发布日期:2025-12-19
点击次数:
标题:The non-thermal physics of cosmic rays and magnetic fields in galaxy formation and evolution
时间:2025-12-23,15:30
主讲人:Y. Samuel Lu (UCSD)
地点:Physics Building E225
报告语言:English
Notoriously difficult to constrain with observations and physically intricate to model in simulations, the non-thermal physics of cosmic rays (CRs) and magnetic fields (B-fields), and their effects on galaxies, remain mostly elusive. The study of these processes is timely and scientifically exigent. Current simulations are able to evolve CRs with magnetic fields in tandem with feedback from stars, black holes (AGNs), and other fluid microphysics (e.g., thermal conduction, viscosity). However, one of the key emergent parameters of CR transport, the diffusivity, still remains largely unconstrained.
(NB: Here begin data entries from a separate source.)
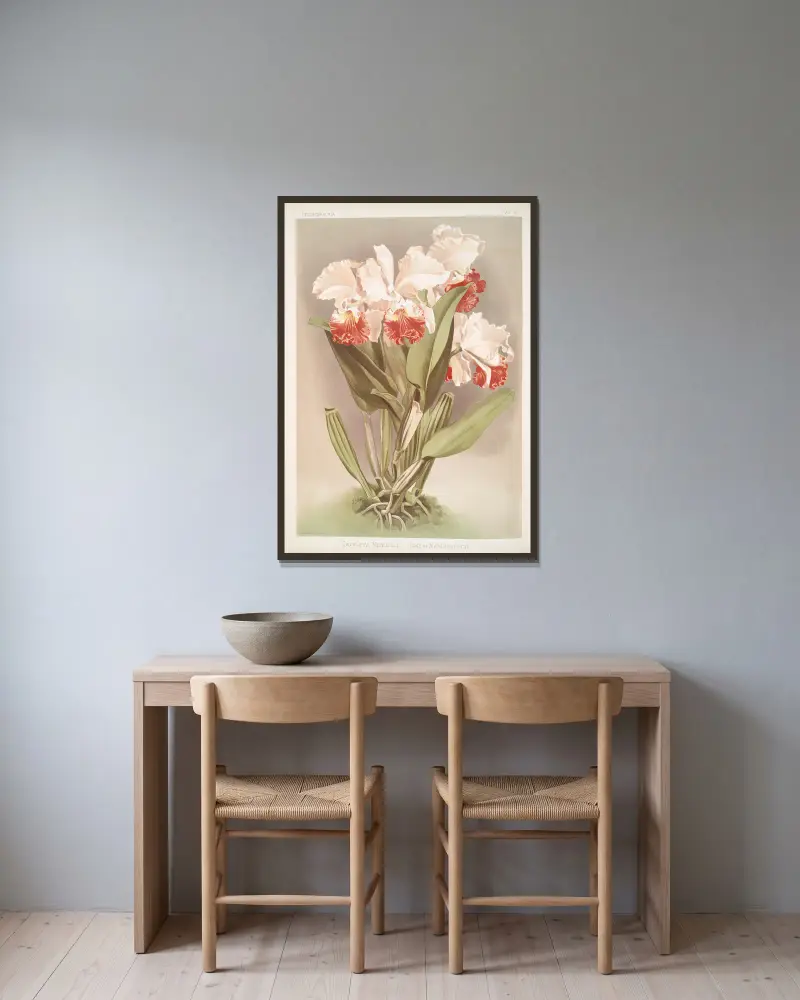 Cattleya Mendelli, hertig av Marlborough av Frederick Sander inramad på en vägg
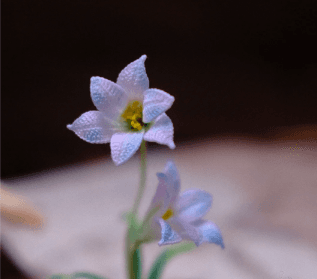 Handmade micro crochet rainlily flowers in soft lavender lace thread with yellow centers and green stems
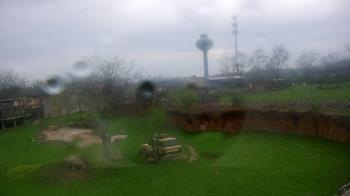 Weather camera view of Columbus Zoo and Aquarium.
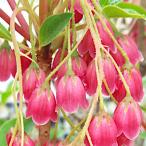 ツツジ 苗木 紅更紗どうだんつつじ 15cmプラ鉢 つつじ 苗 躑躅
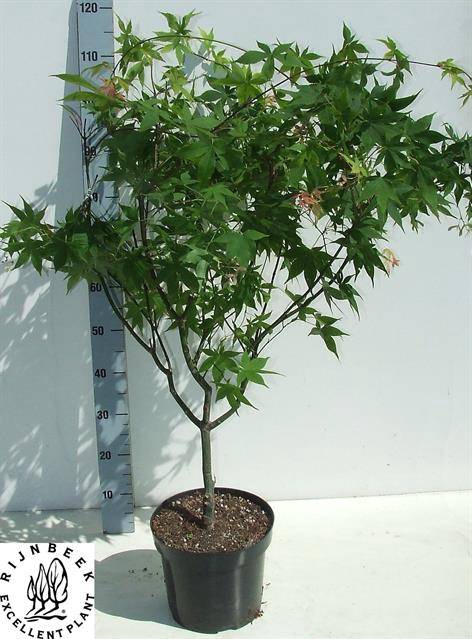 <h4>ACER PA OSAKAZUKI P26 90CM</h4>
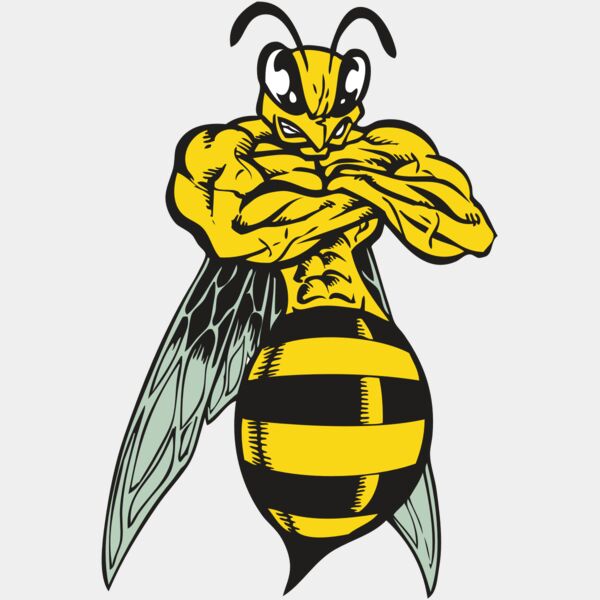 BAW BEE 16 RC Thumbnail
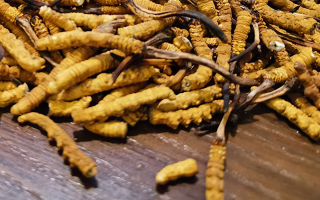 斷的冬蟲夏草有效果嗎？一文揭開真相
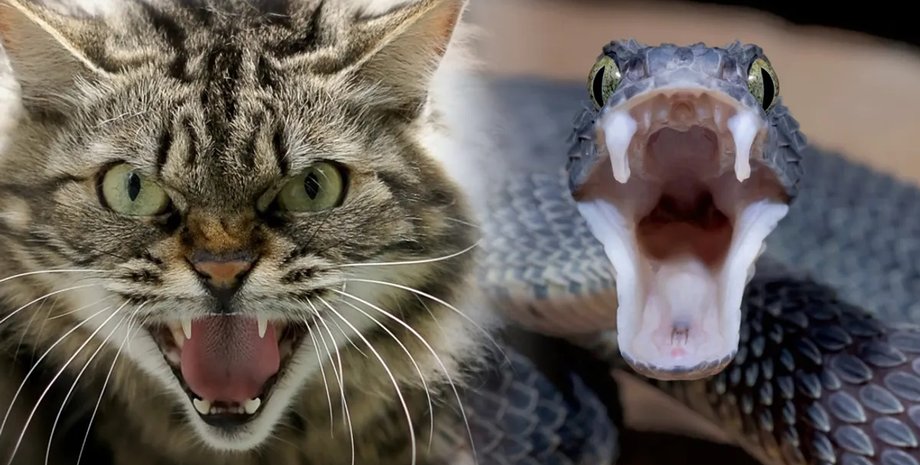 кошки и змеи эволюция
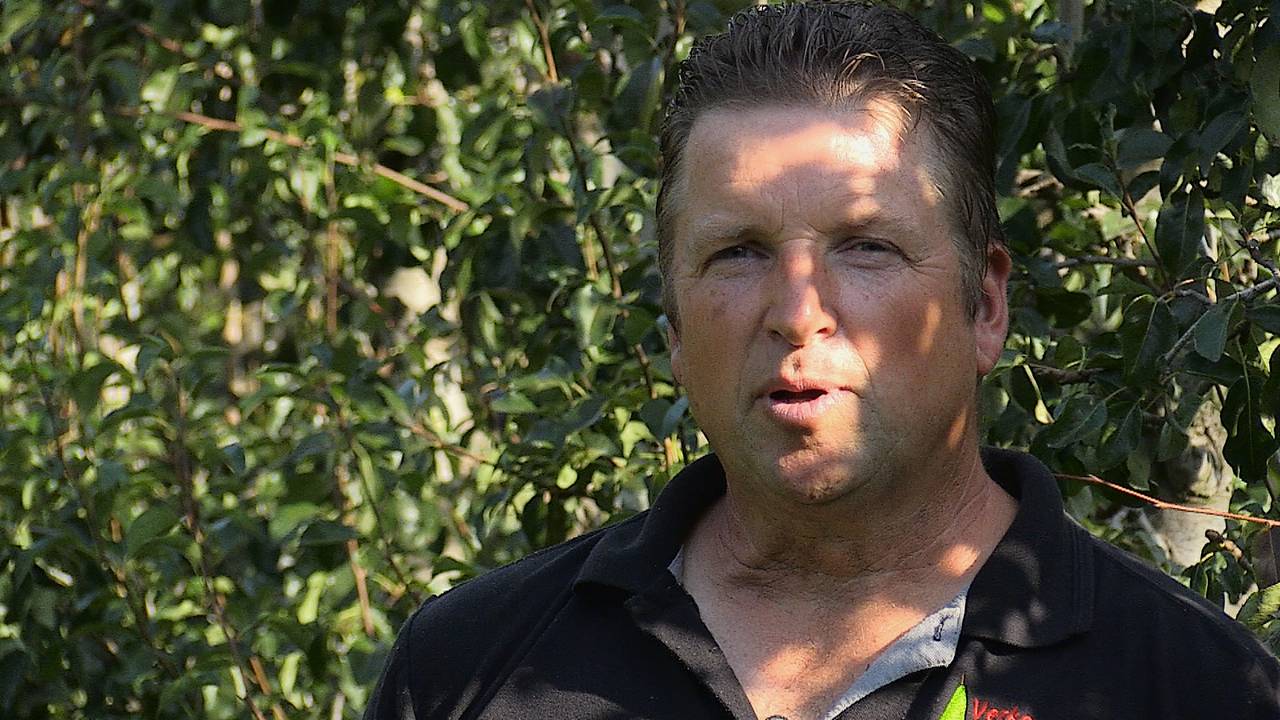 In China zijn ze dol op de peren van John Verkooijen (foto: Rob Bartol).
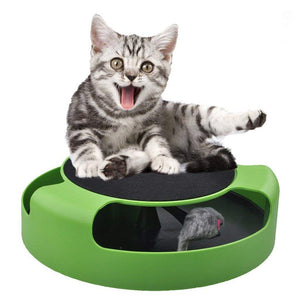 Catch Mouse Interactive Cat Toy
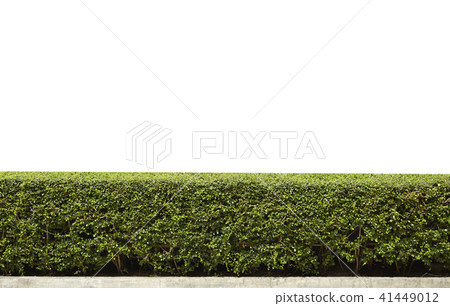 green bush isolated green bush isolated 41449012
In this talk, I will review our current understanding of the physics of CRs and B-fields and pre-existing observational constraints, and then discuss recent results from the state-of-the-art Feedback in Realistic Environments (FIRE) zoom-in galaxy simulations on showing the impact of CRs on galaxies and CGM gas. Next, I will discuss how observational constraints such as X-ray emission and the tSZ effect can be used to place constraints on their transport models. I will reinforce the importance of including such non-thermal processes in our galaxy formation recipes and propose future studies for further constraining the models.
BIO
Although born elsewhere and later moving to Northern America, Samuel Lu spent the majority of his formative years growing up in Beijing. He obtained his bachelor’s degrees in physics and mathematics, with a minor in astronomy, from the University of California, Santa Barbara in 2022, and is currently a PhD candidate in physics at the University of California, San Diego. He is mostly interested in galaxy formation and evolution, with a particular focus on the non-thermal processes. He is part of the Feedback in Realistic Environments (FIRE) simulation project, where his main collaborators are Dusan Keres, Phil Hopkins, and Sam Ponnada. One of the main goals of the expedition of FIRE (especially FIRE-2 and 3) is to explore some of the physical mechanisms in galaxy formation that seem to be "secondary" compared to stellar and AGN feedback, such as CRs, MHD, and dust. However, more and more works have shown that although these non-thermal processes may be unimportant in matching empirical constraints, they nonetheless affect both the dynamics and observables of the galaxy and CGM. Our work aims to reveal such connections and provide aspects for new-era galaxy simulations.